In: Finance
What are the 3 different types of hedging techniques? Mention 2
examples for each.
(Forward hedge, future hedge, money market
hedge)
✓ Meaning of hedge: Hedge helps to reduce the risk of investment. Hedge refers to try to decrease the risk of investment through a proper offsetting investment. Hedge reduces the level of actual risk in any investment.Hedge refers to the strategy used to make minimum loss in case of if there is any change in the price of the investment which is in the form of securities, commodities as well as currencies.
✓ Types of hedging techniques: There are three different types of hedging techniques which are forward hedge, future hedge and money market hedge.
a) Forward hedge: Forward hedging simply means when two parties or two person agree to buy a particular thing at a decided price at the maturity time. In this technique of hedging both the partupa are having obligation to perform their part of work. Example:A] suppose there is one farmer and one shopkeeper. Farmer is growing rice and the shopkeeper is selling the rice. They both is doing forward contract that after completion of 3 months shopkeeper will buy 100 quintal rice from farmer at a $ 50 dollars per quintal. So, in this case shopkeeper has to buy the rice from the farmer at a predefined rate. So, this will help to reduce risk to both the parties.
Example: B] Suppose there is a person who wants to sell the house at $250000 and another person who wants to purchase the house but at present he is not having enough money with him.
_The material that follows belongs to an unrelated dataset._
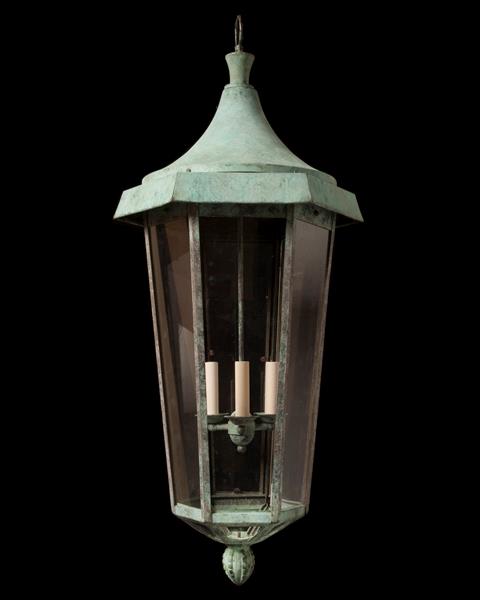 Verdigris Iron and Glass Paneled Hexagonal Art Deco Lantern, Fra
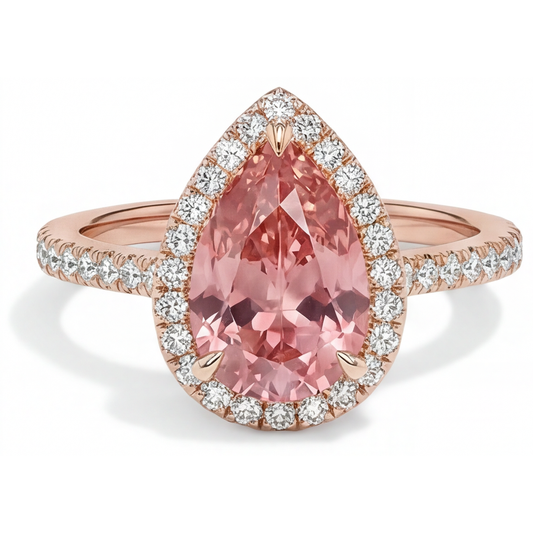 Halo-Pavé-Ring aus 14 Karat Roségold mit natürlichem pfirsichfarbenem Padparadscha-Saphir im Tropfenschliff (2,8 Karat)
So, they both make a forward contract to purchase the house at $260000 after 1 year. So, in this contract at maturity time whatever the position both parties have to perform their parts. So, this helps to reduce the risk of both the parties.
b) Future hedge: Future contact hedging is a technique in which both the parties make a legal contract and standerdized contract to perform a predetermined action at the time of maturity or to buy or sell an underlying asset at a predefined price. Example: a] Suppose a company know that they will need a copper a 2 months, and they will need 50 kg of copper. Price of copper currently is $2000 per kg. And price of future contract is $ 90000. If company purchase the contract company will be sure about the price is $ 90000. This will help to reduce the risk of a company.
Example: b] Suppose a person wants to a U.S. dollars after six months and price of U.S. dollar currently against (chinese)Yuan is 8. If a person is able to get at 7 Chinese Yuan if he do future contract. So ,if he make that futures contract than that will be helpful him to reduce the risk.
c) Money market hedge : Money market hedge helps to reduce the risk against the foreign currency. Example:a] Suppose there is a company who is exporting goods to other countries. Company is having risk of exchange rate changes. If company make contact about exchange rate with a person or a bank it refers to the money market hedging. It helps to reduce the risk of loss which can accure due to changes in exchange rate.
Example: b] Suppose you are living in Europe with your family and you wants to go America for business tour after six months. In this case if you make contact with the travel agent about exchange rate then it will reduce risk for you. This can be considered as money market hedge.